* **What the exercise asks**: Records follow. Print exactly the lines from the one that has "Obstructive distal colonic" through the one that has "10代男子のつむじハゲは思い", inclusive, and omit the pictures.
====== Exercise data ======
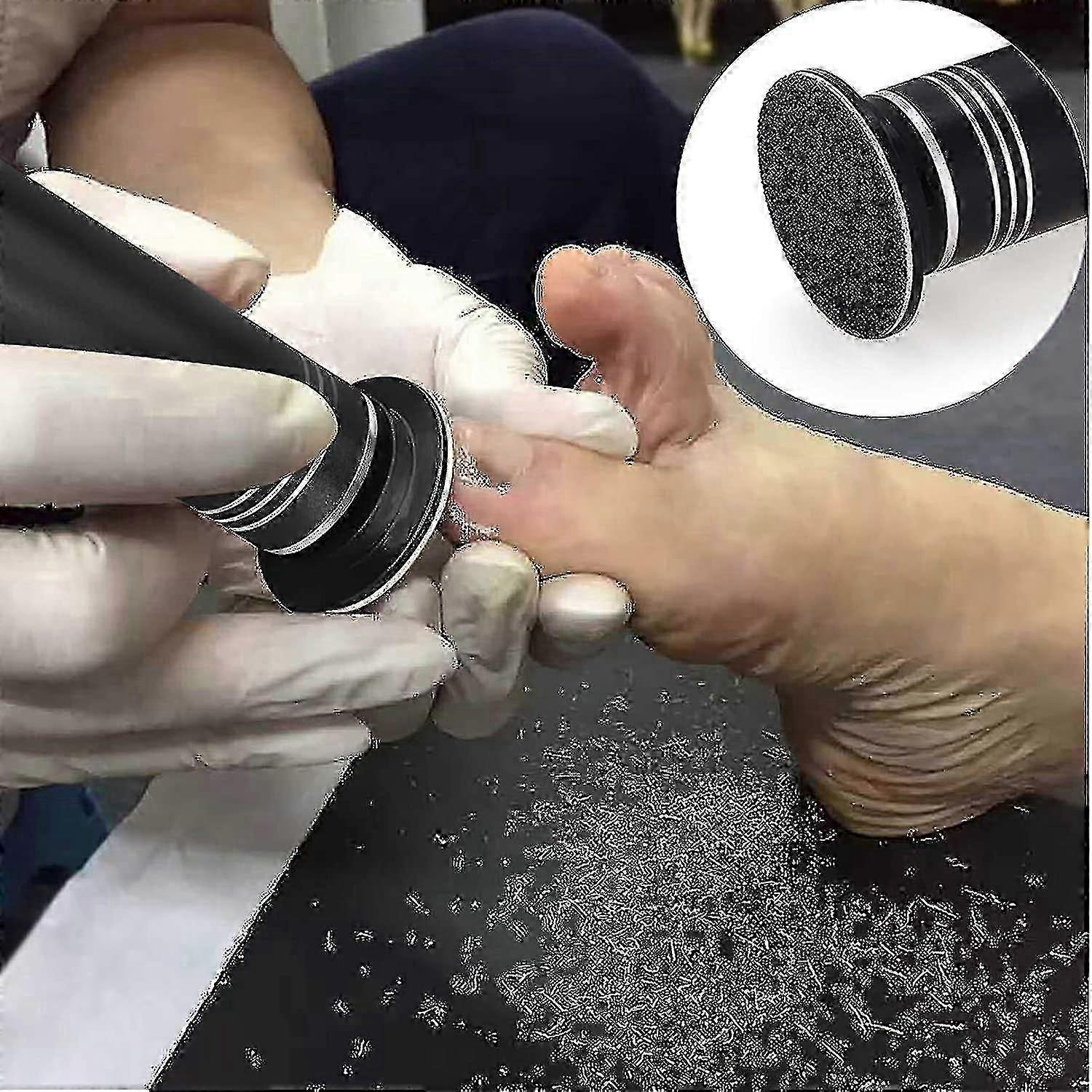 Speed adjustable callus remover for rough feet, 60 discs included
======
====== Exercise data ======
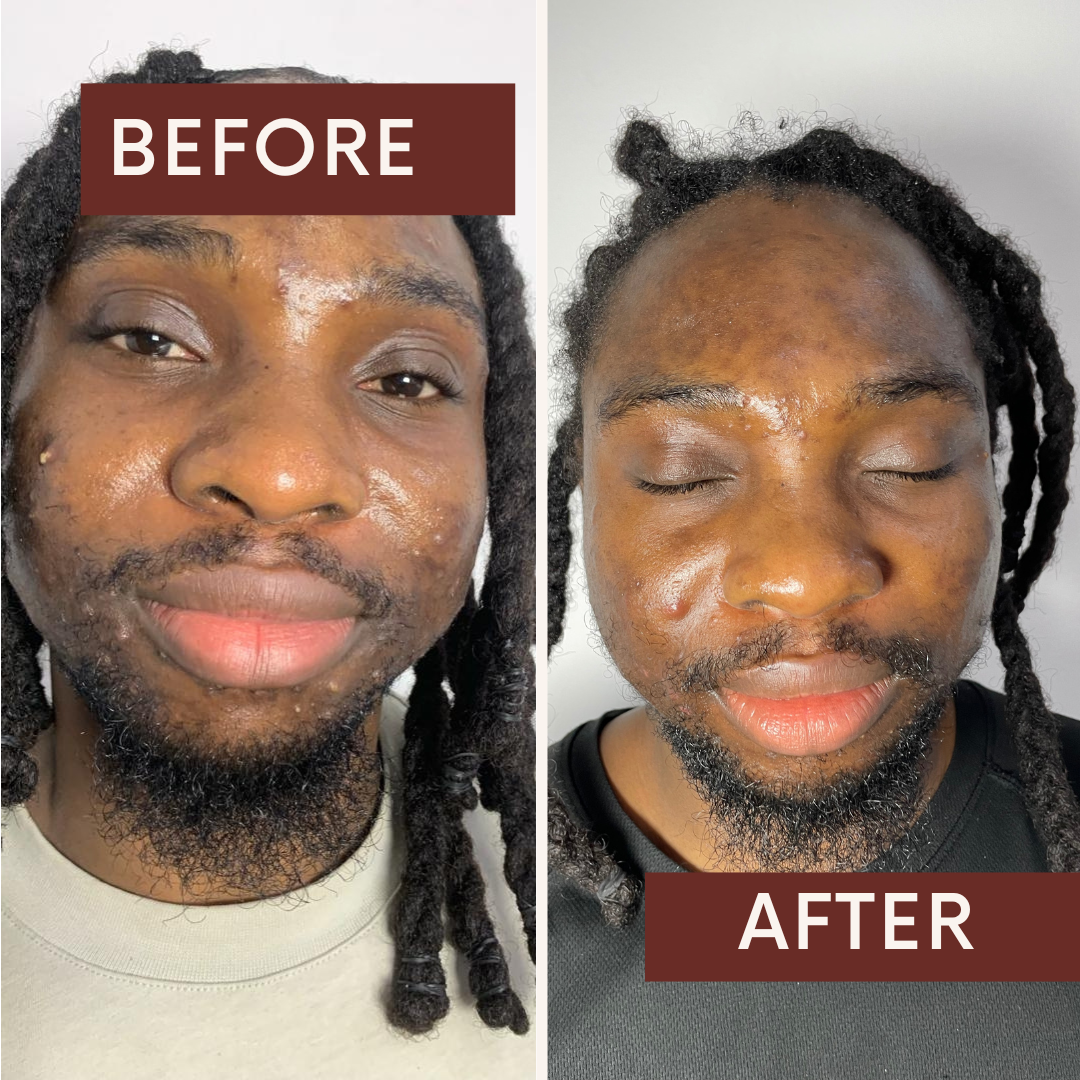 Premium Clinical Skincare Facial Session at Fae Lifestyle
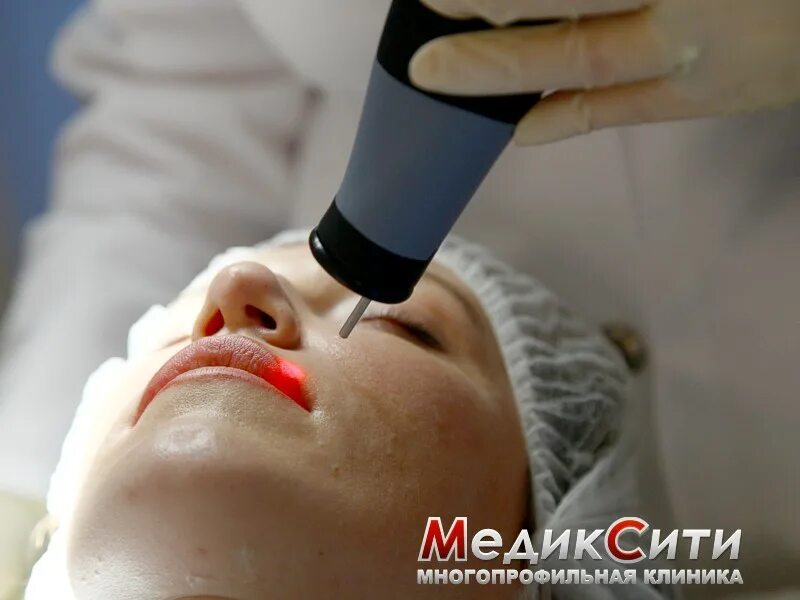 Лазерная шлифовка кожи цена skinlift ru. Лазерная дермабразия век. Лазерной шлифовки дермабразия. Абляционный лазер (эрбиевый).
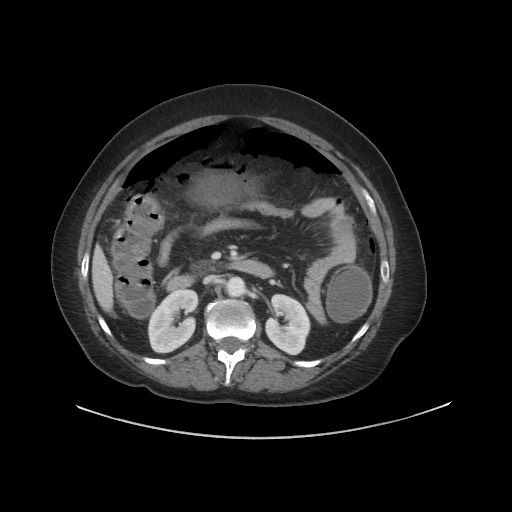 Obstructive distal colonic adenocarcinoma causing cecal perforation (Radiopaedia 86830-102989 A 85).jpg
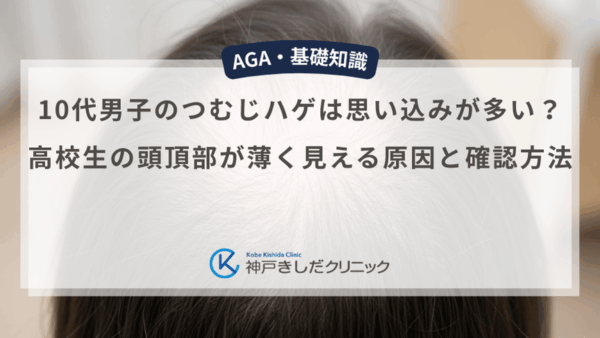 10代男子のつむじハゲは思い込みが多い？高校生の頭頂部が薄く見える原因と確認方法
======
* **Task answer**:
 Obstructive distal colonic adenocarcinoma causing cecal perforation (Radiopaedia 86830-102989 A 85).jpg
 10代男子のつむじハゲは思い込みが多い？高校生の頭頂部が薄く見える原因と確認方法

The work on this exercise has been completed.